Exact copy, pictures excluded: the lines from the one containing "Used Ford Galaxy" to the end of the listing.

SOURCE MATERIAL.
========

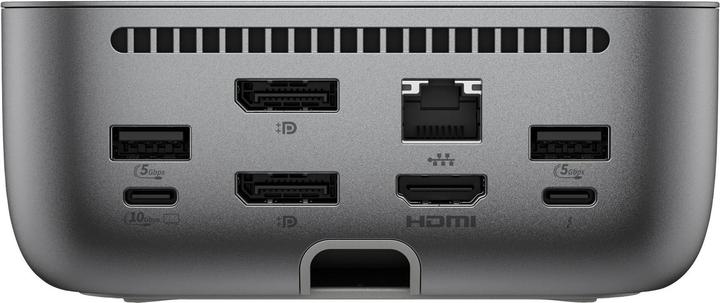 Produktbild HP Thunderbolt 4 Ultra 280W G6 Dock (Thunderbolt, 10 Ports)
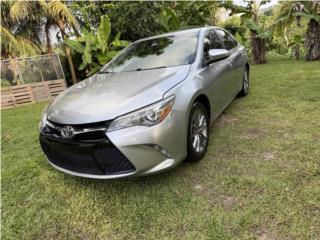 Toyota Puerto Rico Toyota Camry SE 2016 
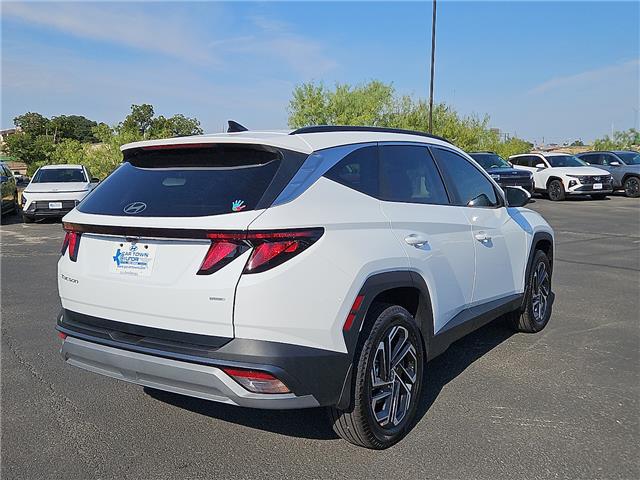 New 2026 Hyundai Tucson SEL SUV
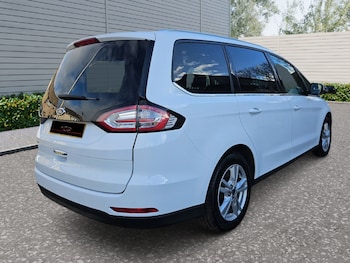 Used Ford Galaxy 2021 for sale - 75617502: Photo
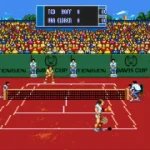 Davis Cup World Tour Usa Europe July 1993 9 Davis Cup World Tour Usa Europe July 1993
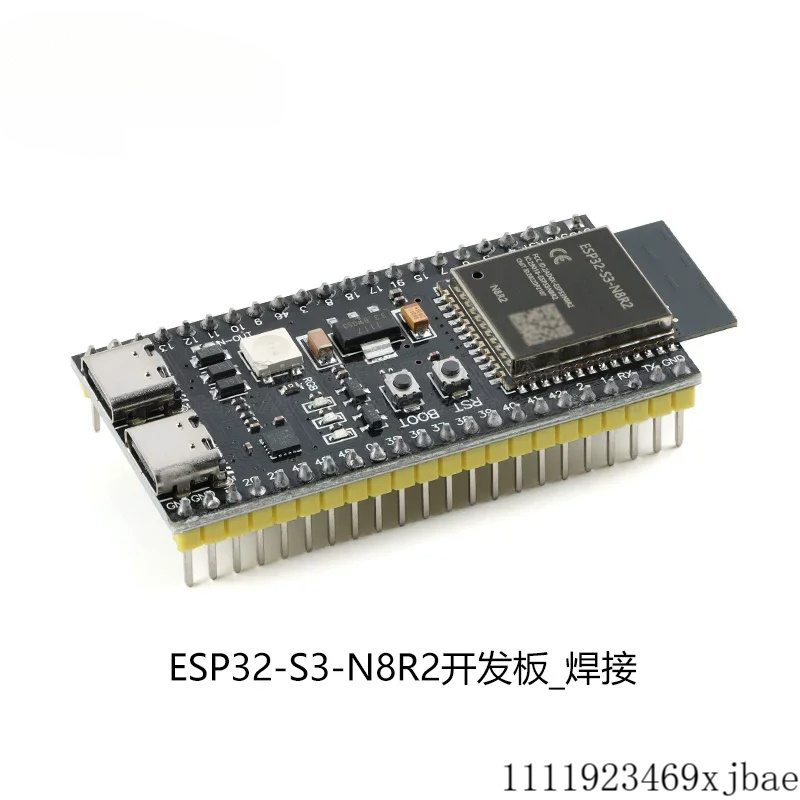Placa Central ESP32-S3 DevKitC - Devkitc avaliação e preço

========

WRITTEN RESPONSE.
 Used Ford Galaxy 2021 for sale - 75617502: Photo
 Davis Cup World Tour Usa Europe July 1993 9 Davis Cup World Tour Usa Europe July 1993
Placa Central ESP32-S3 DevKitC - Devkitc avaliação e preço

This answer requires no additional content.